Activity
Where the listing below has a line containing "Día de los humedales", output that line and all lines after it, verbatim, and no others.

☆ ☆ ☆ ☆ ☆

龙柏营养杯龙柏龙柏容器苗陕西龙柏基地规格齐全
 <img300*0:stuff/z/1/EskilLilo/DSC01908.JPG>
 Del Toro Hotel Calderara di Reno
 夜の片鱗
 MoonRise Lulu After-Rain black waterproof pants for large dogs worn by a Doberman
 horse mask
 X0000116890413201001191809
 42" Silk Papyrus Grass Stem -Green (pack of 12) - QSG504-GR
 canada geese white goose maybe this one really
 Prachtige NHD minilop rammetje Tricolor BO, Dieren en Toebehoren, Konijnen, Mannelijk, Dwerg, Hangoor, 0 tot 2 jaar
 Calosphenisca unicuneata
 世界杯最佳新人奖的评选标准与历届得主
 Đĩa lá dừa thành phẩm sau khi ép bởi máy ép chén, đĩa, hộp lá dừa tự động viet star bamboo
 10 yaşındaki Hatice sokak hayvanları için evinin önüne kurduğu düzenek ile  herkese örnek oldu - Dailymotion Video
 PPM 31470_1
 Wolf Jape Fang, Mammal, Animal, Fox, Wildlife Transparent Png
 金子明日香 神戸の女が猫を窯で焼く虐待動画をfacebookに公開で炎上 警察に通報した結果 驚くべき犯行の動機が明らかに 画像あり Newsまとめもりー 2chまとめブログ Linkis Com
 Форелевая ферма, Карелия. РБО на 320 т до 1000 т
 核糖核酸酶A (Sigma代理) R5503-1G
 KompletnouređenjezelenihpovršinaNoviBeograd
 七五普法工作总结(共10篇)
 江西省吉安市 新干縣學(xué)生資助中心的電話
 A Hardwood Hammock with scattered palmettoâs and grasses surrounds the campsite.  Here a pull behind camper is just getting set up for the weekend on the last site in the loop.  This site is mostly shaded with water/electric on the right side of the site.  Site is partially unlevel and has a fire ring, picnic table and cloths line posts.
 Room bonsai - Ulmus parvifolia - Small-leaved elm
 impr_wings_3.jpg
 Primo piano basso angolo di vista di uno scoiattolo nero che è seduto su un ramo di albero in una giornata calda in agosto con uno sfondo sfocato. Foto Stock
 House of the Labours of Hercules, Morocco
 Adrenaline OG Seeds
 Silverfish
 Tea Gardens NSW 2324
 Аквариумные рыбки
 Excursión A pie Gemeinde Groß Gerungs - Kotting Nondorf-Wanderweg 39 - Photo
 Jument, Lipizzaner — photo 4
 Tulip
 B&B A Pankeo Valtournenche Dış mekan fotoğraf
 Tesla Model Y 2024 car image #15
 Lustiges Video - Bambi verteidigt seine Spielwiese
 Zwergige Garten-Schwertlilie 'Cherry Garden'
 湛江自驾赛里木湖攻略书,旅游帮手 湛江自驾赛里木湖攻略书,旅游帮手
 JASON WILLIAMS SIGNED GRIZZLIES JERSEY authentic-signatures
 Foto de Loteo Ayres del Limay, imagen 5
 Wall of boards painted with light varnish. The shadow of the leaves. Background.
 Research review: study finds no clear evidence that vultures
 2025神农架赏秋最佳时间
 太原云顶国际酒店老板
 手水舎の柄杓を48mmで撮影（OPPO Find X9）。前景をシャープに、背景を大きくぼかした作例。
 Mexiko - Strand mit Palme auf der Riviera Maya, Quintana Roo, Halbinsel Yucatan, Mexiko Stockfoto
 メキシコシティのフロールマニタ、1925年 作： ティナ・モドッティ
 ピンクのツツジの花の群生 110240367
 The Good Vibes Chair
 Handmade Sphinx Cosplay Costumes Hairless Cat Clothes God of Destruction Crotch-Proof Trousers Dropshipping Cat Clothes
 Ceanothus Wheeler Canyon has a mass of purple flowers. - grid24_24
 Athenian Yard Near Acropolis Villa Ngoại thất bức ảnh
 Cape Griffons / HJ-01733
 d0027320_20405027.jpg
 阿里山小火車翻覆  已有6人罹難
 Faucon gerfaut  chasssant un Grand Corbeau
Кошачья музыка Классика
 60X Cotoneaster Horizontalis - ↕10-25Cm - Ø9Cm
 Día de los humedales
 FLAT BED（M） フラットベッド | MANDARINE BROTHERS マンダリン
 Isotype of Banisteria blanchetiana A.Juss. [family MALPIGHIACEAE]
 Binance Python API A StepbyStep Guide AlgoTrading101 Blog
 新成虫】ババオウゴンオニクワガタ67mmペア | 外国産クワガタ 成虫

☆ ☆ ☆ ☆ ☆

Task result
 Día de los humedales
 FLAT BED（M） フラットベッド | MANDARINE BROTHERS マンダリン
 Isotype of Banisteria blanchetiana A.Juss. [family MALPIGHIACEAE]
 Binance Python API A StepbyStep Guide AlgoTrading101 Blog
 新成虫】ババオウゴンオニクワガタ67mmペア | 外国産クワガタ 成虫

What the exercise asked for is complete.